== SOURCE INFORMATION
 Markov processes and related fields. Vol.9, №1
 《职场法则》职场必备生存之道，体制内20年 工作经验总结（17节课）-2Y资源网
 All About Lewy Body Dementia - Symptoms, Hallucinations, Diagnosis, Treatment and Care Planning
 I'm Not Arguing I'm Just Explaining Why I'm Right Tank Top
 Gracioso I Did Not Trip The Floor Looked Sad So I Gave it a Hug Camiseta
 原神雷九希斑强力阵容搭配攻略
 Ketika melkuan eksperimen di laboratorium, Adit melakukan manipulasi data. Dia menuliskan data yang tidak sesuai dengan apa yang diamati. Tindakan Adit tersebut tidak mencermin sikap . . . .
====
== SOURCE INFORMATION
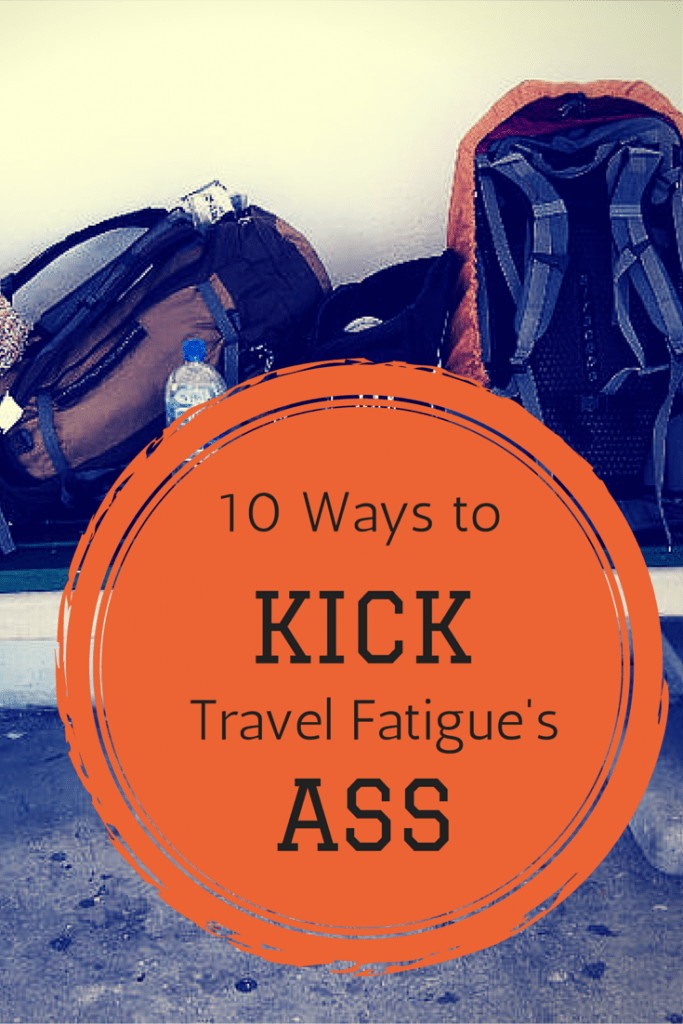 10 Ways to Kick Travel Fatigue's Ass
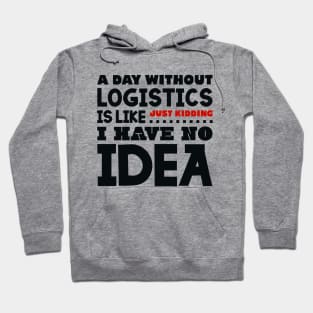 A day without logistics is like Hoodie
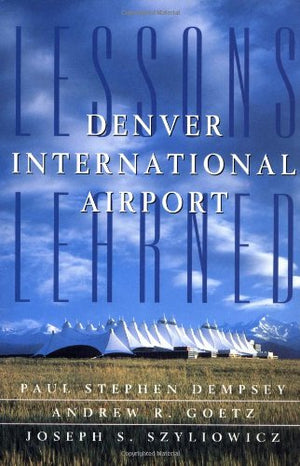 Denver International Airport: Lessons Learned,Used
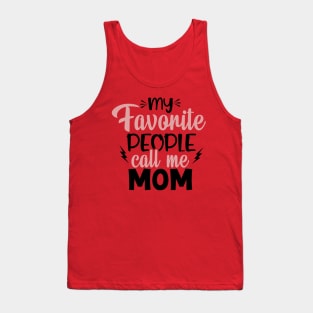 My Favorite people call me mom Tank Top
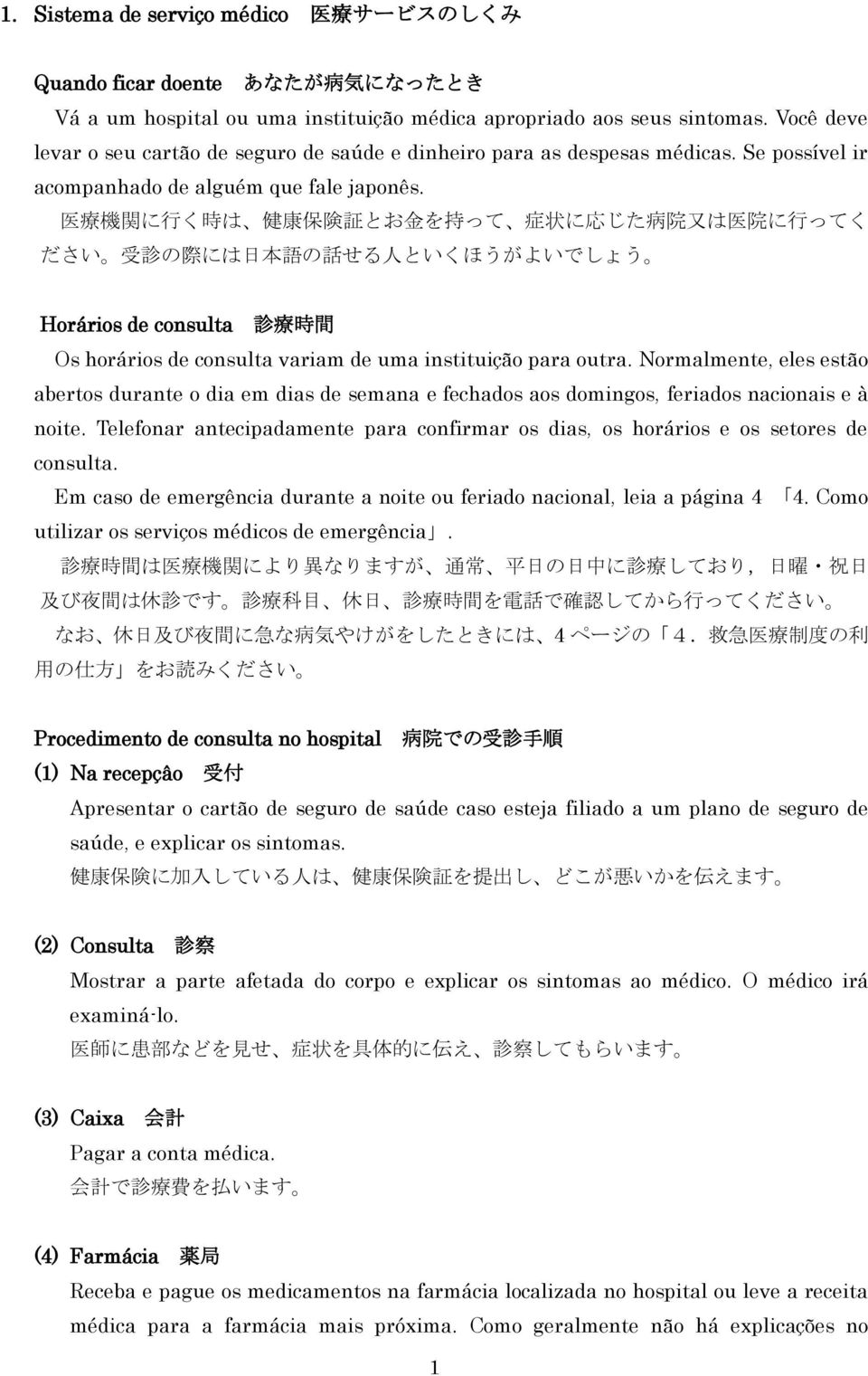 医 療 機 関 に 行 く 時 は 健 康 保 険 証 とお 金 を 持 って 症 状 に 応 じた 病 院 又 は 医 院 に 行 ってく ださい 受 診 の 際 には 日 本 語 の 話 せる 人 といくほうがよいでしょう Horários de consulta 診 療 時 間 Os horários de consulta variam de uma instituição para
====
== SOURCE INFORMATION
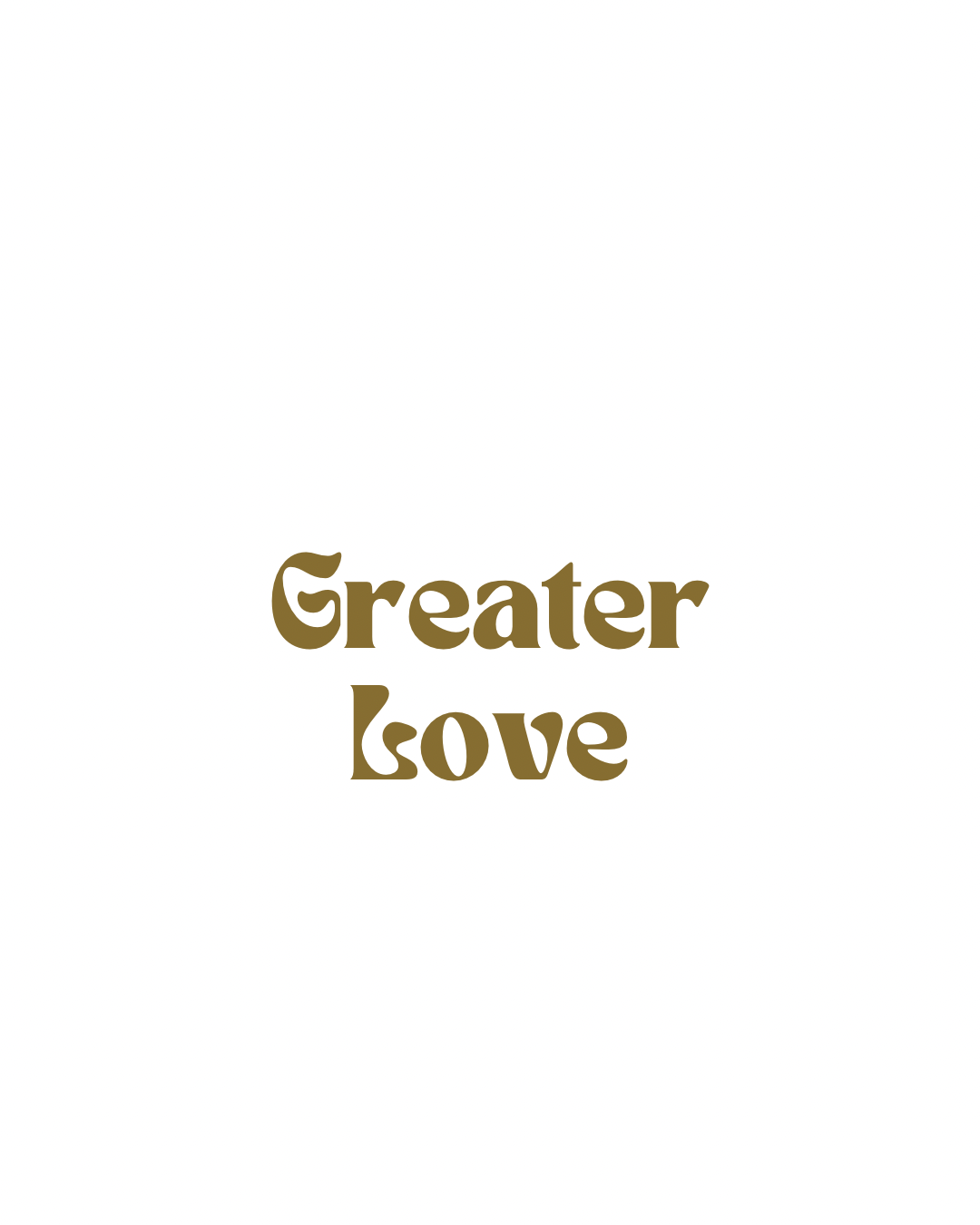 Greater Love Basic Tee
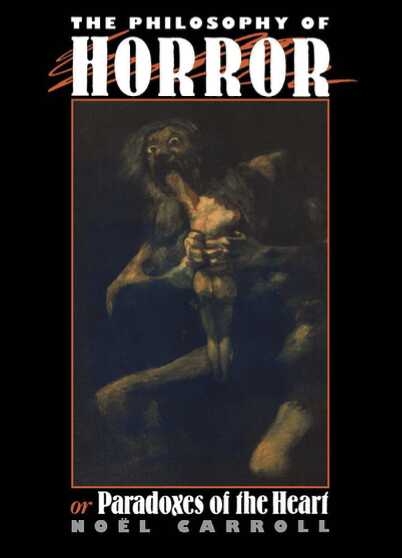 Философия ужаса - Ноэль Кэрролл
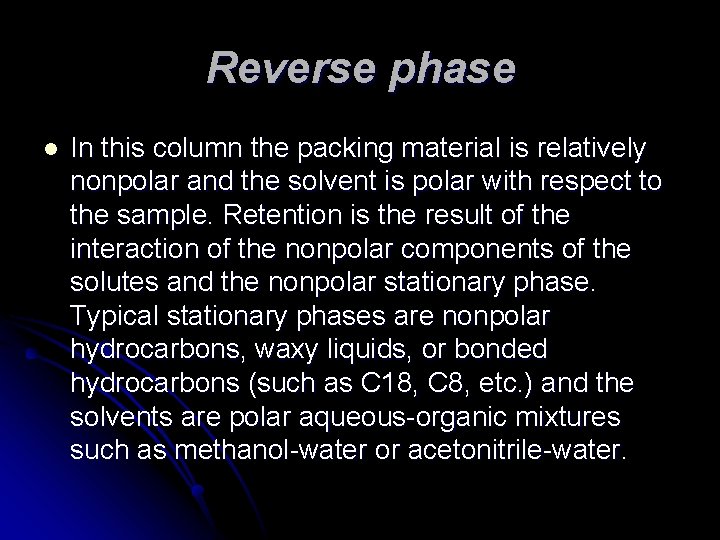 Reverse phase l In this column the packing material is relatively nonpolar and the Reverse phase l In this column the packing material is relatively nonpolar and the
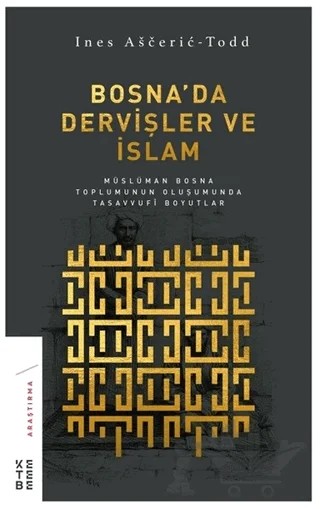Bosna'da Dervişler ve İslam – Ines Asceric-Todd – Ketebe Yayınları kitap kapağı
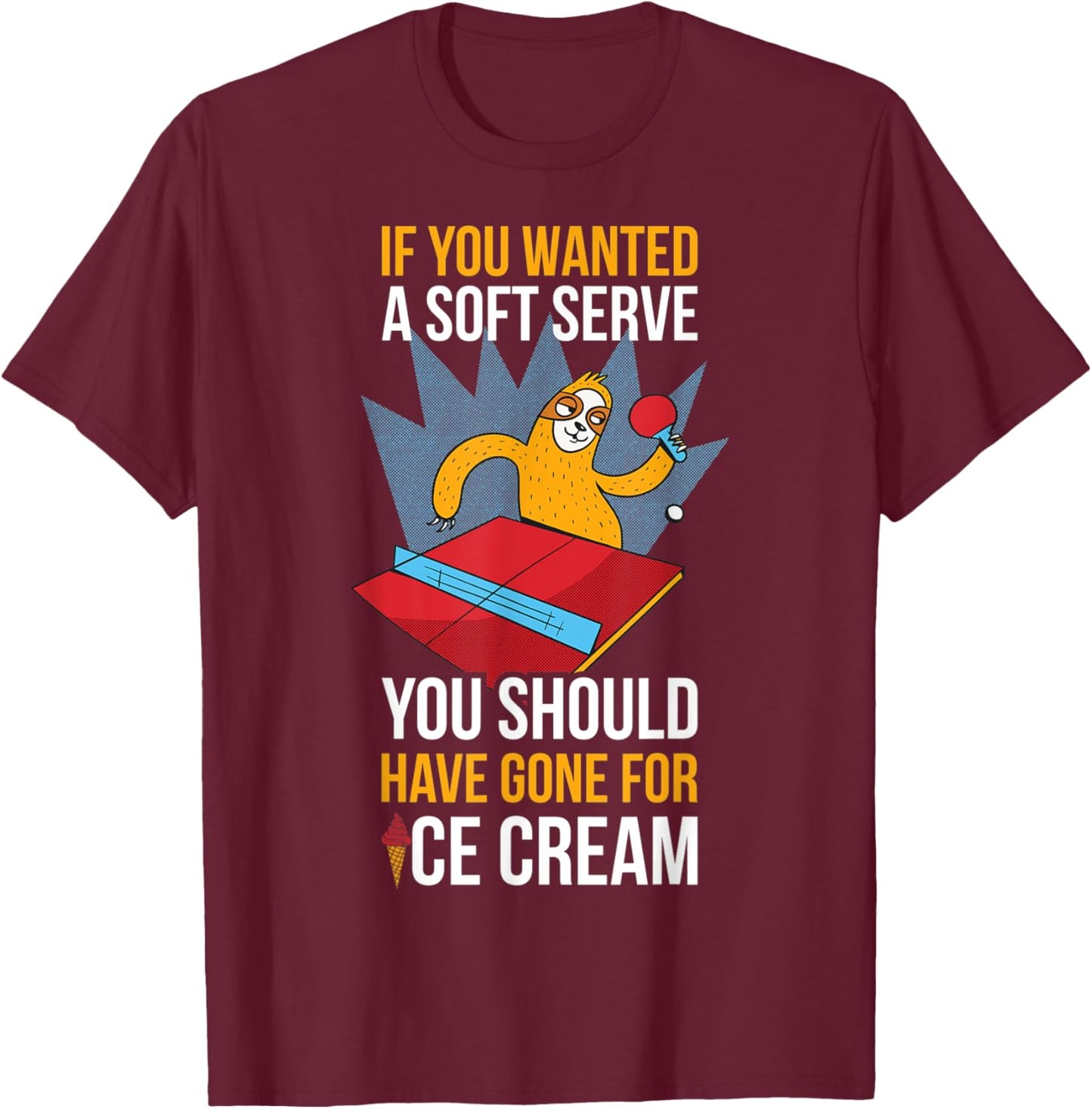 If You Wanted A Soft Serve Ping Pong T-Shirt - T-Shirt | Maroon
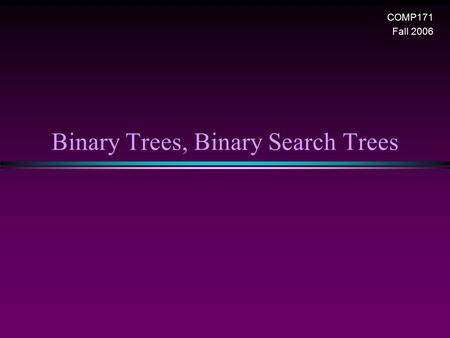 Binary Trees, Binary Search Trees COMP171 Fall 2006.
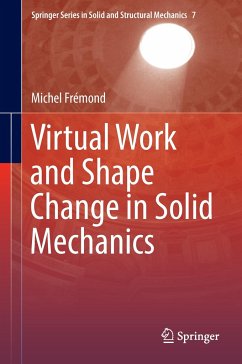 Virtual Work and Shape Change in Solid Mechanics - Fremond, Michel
====
● **EXERCISE BRIEF**
Start with the line above containing "Bosna'da Dervişler ve" and end with the line containing "Virtual Work and". Set down that stretch exactly, without any pictures.

● **RESPONSE**
Bosna'da Dervişler ve İslam – Ines Asceric-Todd – Ketebe Yayınları kitap kapağı
 If You Wanted A Soft Serve Ping Pong T-Shirt - T-Shirt | Maroon
 Binary Trees, Binary Search Trees COMP171 Fall 2006.
 Virtual Work and Shape Change in Solid Mechanics - Fremond, Michel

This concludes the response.